ABSTRACT The solvent‐rich solvent sheath in low‐concentration electrolytes (LCEs) not only results in high desolvation energy of Li + , but also forms organic‐rich solid electrolyte interface film (SEI) with poor Li + conductivity, which hinders Li + transport at the electrode‐electrolyte interface and greatly limits the application of LCEs. Here, the electrochemical performance of the LCEs is enhanced by dual interfacial modification with LiNO 3 and vinylene carbonate (VC) additives. Results show that LiNO 3 is preferentially reduced at about 1.65 V to form an inorganic‐rich but incomplete SEI inner layer. The formation of Li 3 N and LiN x O y inorganic components helps to achieve rapid Li + transport in the SEI film, and the bare electrode surface caused by the incomplete SEI inner layer provides a place for the subsequent decomposition of VC. Then, at a lower potential of about 0.73 V, VC is reduced to generate the poly(VC)‐rich SEI outer layer, which provides lithium‐philic sites and greatly weakens the interaction between Li + and ethylene carbonate (EC).

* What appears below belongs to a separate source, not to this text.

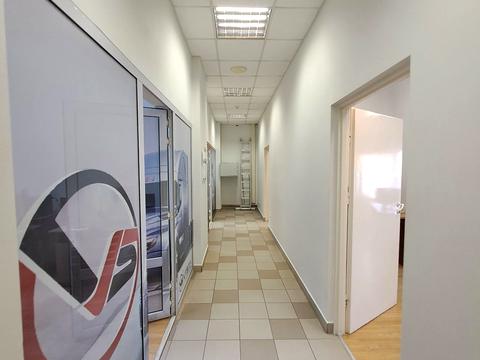 коммерческая по адресу Кардинала Любомира Гузара ул., 32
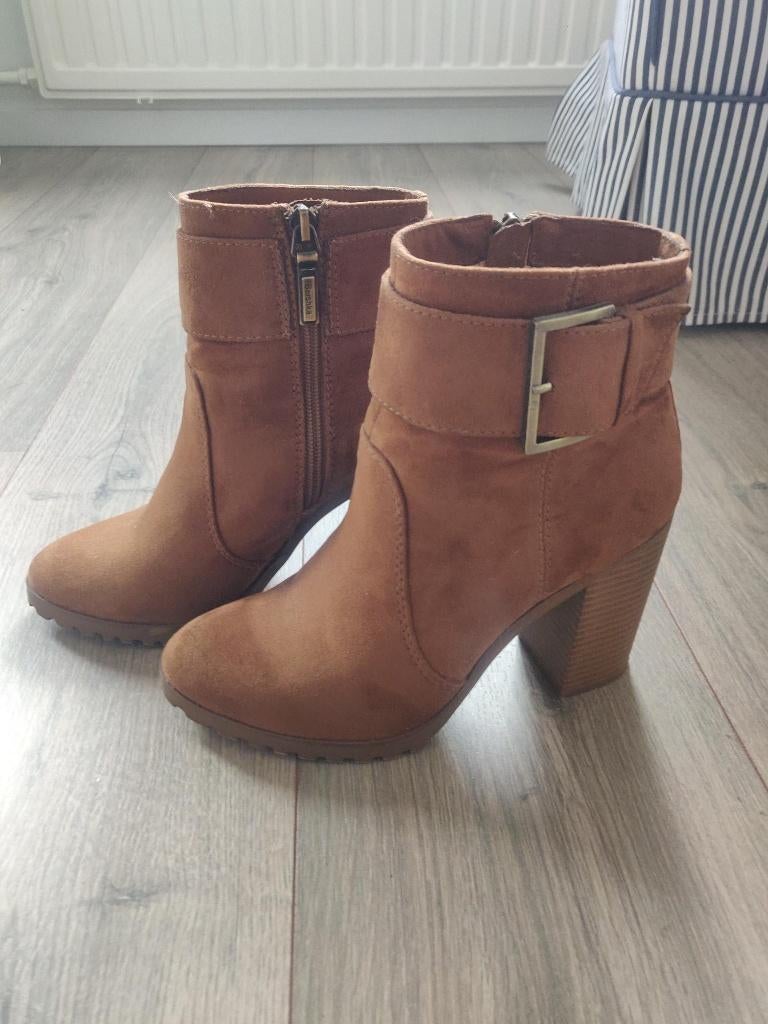Bruine enkellaarsjes Bershka, maat 37, zo goed als nieuw, Ophalen of Verzenden, Zo goed als nieuw, Bruin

The interaction modulates the Li + solvation structure at the interface and reduces the desolvation energy of Li + . This ingenious design of the bilayer SEI film greatly enhances Li + transport and inhibits the decomposition of traditional carbonate solvents and the swelling of graphite. As a result, the electrochemical performance of the battery using 0.5 M LiPF 6 EC/diethyl carbonate (DEC) + 0.012 M LiNO 3 + 0.5 vt% VC is improved to a higher level than the one using 1.0 M LiPF 6 EC/DEC electrolyte. This research expands the design strategy and promising applications of LCEs by constructing a favorable SEI to enhance Li + transport at the electrode‐electrolyte interface.